I think I read Taylor Caldwell's autobiography On Growing up Tough when I was a child. Somehow I had an impressive impression of her, but I believe this is actually the first novel of hers I've read.
The woman wrote over 40 novels I believe. She was a brilliant novel spewing writer with a capital W. She wrote her first novel at age 12.
First I was impressed with her sheer intelligence just jumping off the page. I was pulled into the story immediately. She's a masterful wordsmith and character builder.
I love history, and this is definitely a historical novel.
She reminds me a little of Pearl Buck - both my impression of her character and her drive, ambition, and genius. I just confirmed that they were contemporaries - born around the beginning of the 1900s or so.
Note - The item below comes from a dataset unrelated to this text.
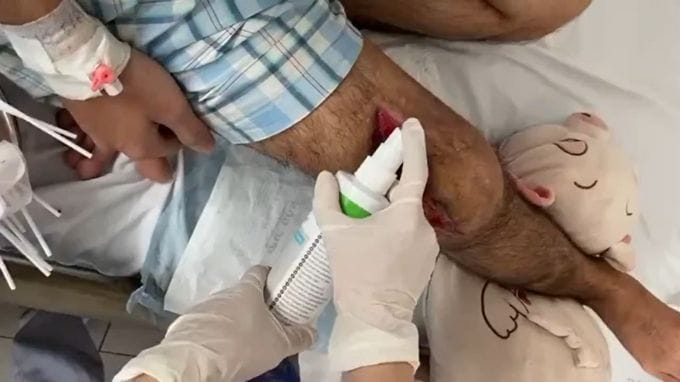 Điều trị vết thương có tiết dịch nặng hoặc chảy mủ bằng dung dịch rửa vết thương Granudacyn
Taylor Caldwell isn't just telling a story here, I soon realized. She's inserting her political philosophy and perhaps hoping to influence the reader against the wiles of socialism and globalism. Her main protagonist, bitter, cunning, ascetic, and complex Irish immigrant Joseph Armagh (love that surname) uncovers the secret society that direct the affairs of finance, governments, and apparently the world. She continually mocks "common man" in its perpetual pursuit of a "rajah." They pretend to want independence but they really just want a charismatic leader to tell them what to do. I suppose we're all to some degree tribal. There's a reason why CEOs are usually tall. There are certain physical traits that people are drawn to and it comes straight from the amygdala, or wherever that grey matter is that goes underanalyzed.
If you're wanting to read a happy book, hurl this one in the opposite direction. It begins with starvation and tragedy, leads to wealth gained by vice and trickery, a mystical curse which leads to everyone's death, and unhappy marriages with intense idealized extramarital relationships that provide only temporary solace from the plunging darkness of the human tide.
I walk away wondering if there is a secret society with quiet men who plan wars. I did enjoy the way she portrayed such a variety of personalities and bents. There are some great characters in this book and kind of like Tolstoy - there is a real psychological study that has gone behind this - informally perhaps - but a kaleidoscope of people and their varying motivations and temperaments. She also inserts some analysis of the Irish and I love cultural studies. Hofstede's cultural dimensions are almost as interesting as Keirsey's Temperament sorter, but not quite. Don't worry Keirsey, I will stand by you.
I may pick up On Growing up Tough again and read it. I find myself more interested in the author than in reading more of her fiction at the moment. Also because I don't like to read fiction that's too sad. Life has plenty of sadness already. Thankfully I don't need for us to wait to figure out the perfect governing system in order to be filled with gratitude, love, and hope in this very moment.